Recent reports that Orange County residents can expect to pay an average of 12 percent less in property taxes may come as a relief to some, but the repercussions that come with the reduction may not be as well received.
On May 26, Orange County Property Appraiser Bill Donegan released his “Letters of Best Estimate” that includes a breakdown of total taxable values for cities in Orange County. These values give local governments information needed to set budgets and taxes for the next fiscal year.
According to the release, total taxable property values deceased 14.7 percent in Orlando, 10.5 percent in Maitland, and 10.1 percent in Winter Park. With less money paid in property taxes, local governments must now find ways to make up the lost revenue.
“They are now in the beginnings of developing their budgets,” Donegan said, “so by the end of July, we’ll have a pretty good idea what cuts will be made, or if in fact some cities or the school board will raise their tax rates.”
@@No tax increase@@
Neither Maitland Mayor Doug Kinson nor Winter Park Mayor Ken Bradley anticipates tax increases will be necessary.

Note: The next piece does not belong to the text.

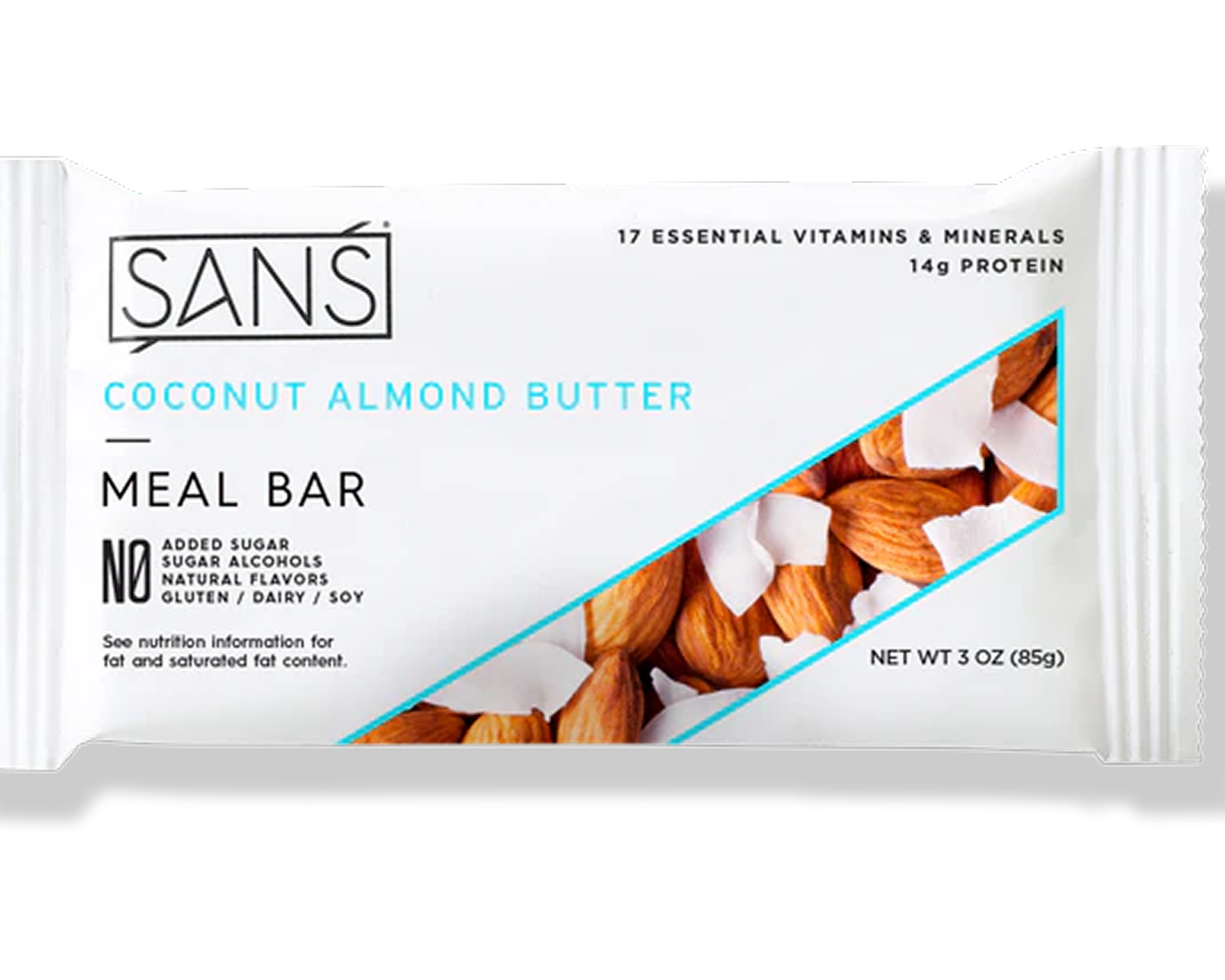 SANS Meal Bar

“Raising taxes isn’t in my future,” Kinson said. The city is currently looking for other ways to cut costs.
“Our objective has always been to not be in a position where we’re cutting services in any way, but being more efficient and responsive in terms of our departments and how we’re structured from an expense standpoint,” Kinson said.
Maitland City Manager Jim Williams said decisions on how to do this have not been made.
“We’re looking at everything in the city as to how we operate, programs we have and all our operations to determine what we need to do to balance the budget,” Williams said.
In Winter Park, Bradley is focusing not on making up lost revenue, but spending less in the future.
“I don’t see any interest or desire in raising our tax rates,” Bradley said. “We’re just going to work on making sure the cost side of how we provide city government is effective.”
Winter Park City Manager Randy Knight said selective employee buyouts are being considered in cases similar to those used in years past to make up for declining revenue, such as eliminating clerical positions in government offices.
However, he said it is too early to determine what positions could be affected or which services might be reduced this year.
@@Heavy on residential?@@
Property Appraiser Donegan said the amount of commercial versus residential properties a city has can change how property tax values impact a community. Having a large commercial base, he said, can lessen the tax burden for homeowners because commercial properties tend to use fewer city services than residents.
“Once commercial starts paying less, then the burden of any additional taxes is dumped on the residents and so as these communities start to put their budgets together, if — and I doubt it — there were any increase in the tax rate, the biggest burden would again drop on homeowners,” Donegan said.
According to the Orange County and Municipal Valuation Trends: 2009 Year in Review, also published by Donegan’s office, Orlando and Maitland are both composed of 50.9 percent commercial properties and 49.1 percent residential, while Winter Park is 74 percent residential and 26 percent commercial.
The impact of these figures will be known in the coming months as Orange County cities develop ways to deal with lower property taxes and government revenue. As to how the budgets will be balanced and what challenges Central Florida residents may face, “We’ll just have to wait and see,” Donegan said.